Pore pressure at depth is of central importance in reservoir geomechanics. In Chapter 1, I referred to the fact that pore pressure and stress magnitudes are closely coupled (Figure 1.4). The importance of pore fluids and pore fluid pressure on the physical properties of reservoirs is discussed in Chapter 3 in the context of effective stress (the difference between external stresses acting on the rock matrix and pore pressure) and poroelasticity. In Chapter 4, pore pressure is shown to have an effect on the strength of both intact and faulted rock. Elevated pore pressures pose a severe risk during drilling when hydrocarbons are present and place important constraints on the density of drilling mud (i.e. mud weights) used during drilling (Chapter 10). Elevated pore pressure also influences maximum hydrocarbon column height in some reservoirs as well as the leakage potential of reservoir-bounding faults (Chapter 11). Reductions in reservoir pore pressure with production (depletion) can cause significant deformation in a reservoir including compaction and permeability loss (especially in poorly consolidated and weak formations) and, perhaps counter-intuitively, induce faulting in some reservoirs in normal faulting regimes or the surrounding region (Chapter 12).
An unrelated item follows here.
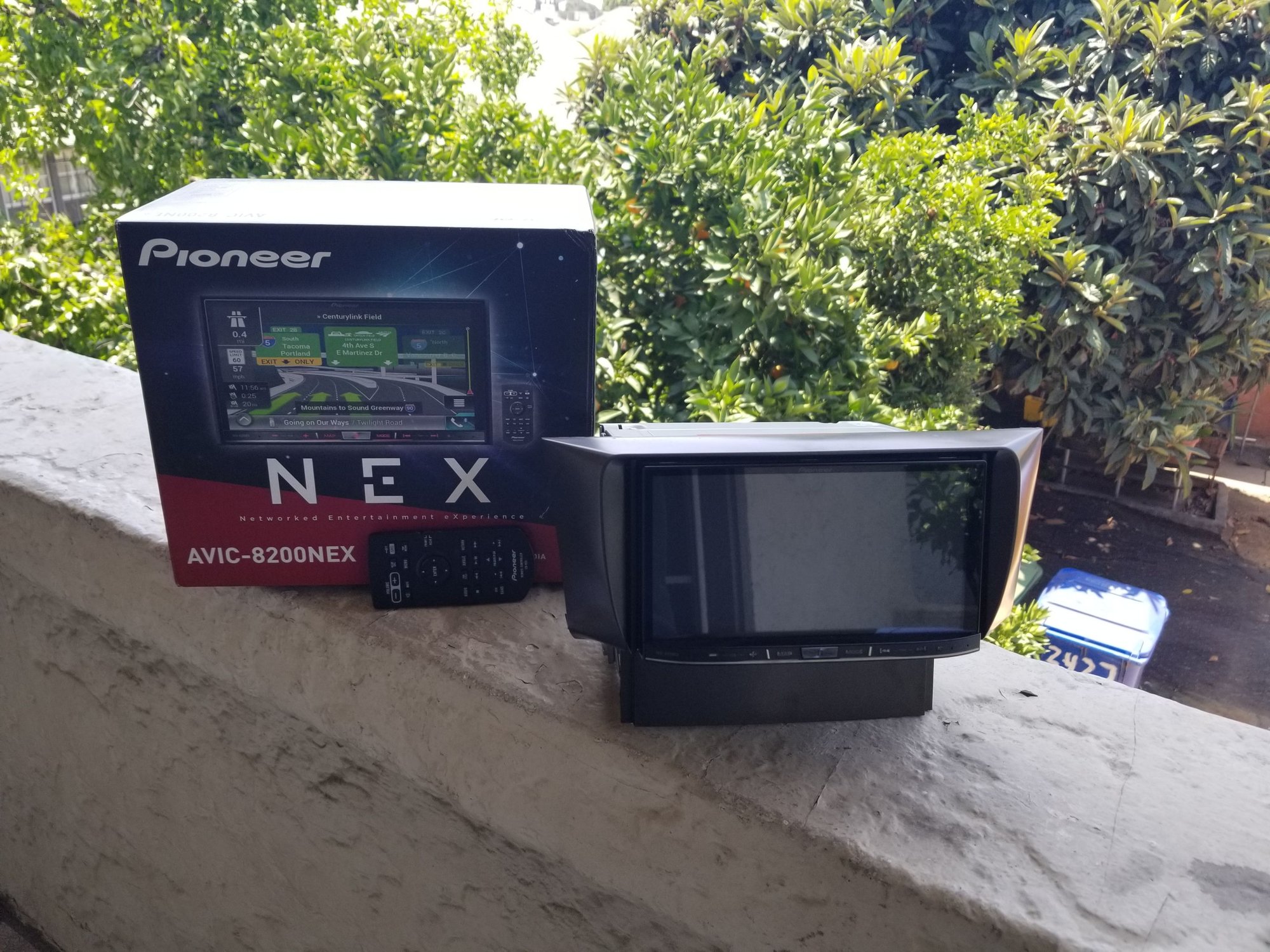Audio Video/Electronics - Pioneer AVIC-8200NEX & Beatsonic 2006 Lexus LS430 - Used - 2004 to 2006 Lexus LS430 - Los Angeles, CA 90033, United States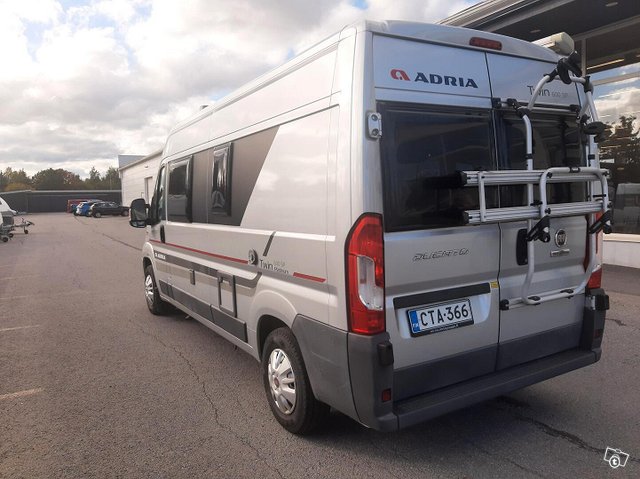 Adria TWIN PLATINUM 600 SP 4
I review several fundamental principles about pore pressure in this chapter. First, I define pore pressure and discuss variations of pore pressure with depth. Second, I discuss the way in which a reservoir can be hydrologically subdivided (compartmentalized) into distinct pressure and flow units. Third, I briefly discuss some of the mechanisms of overpressure generation that have been proposed.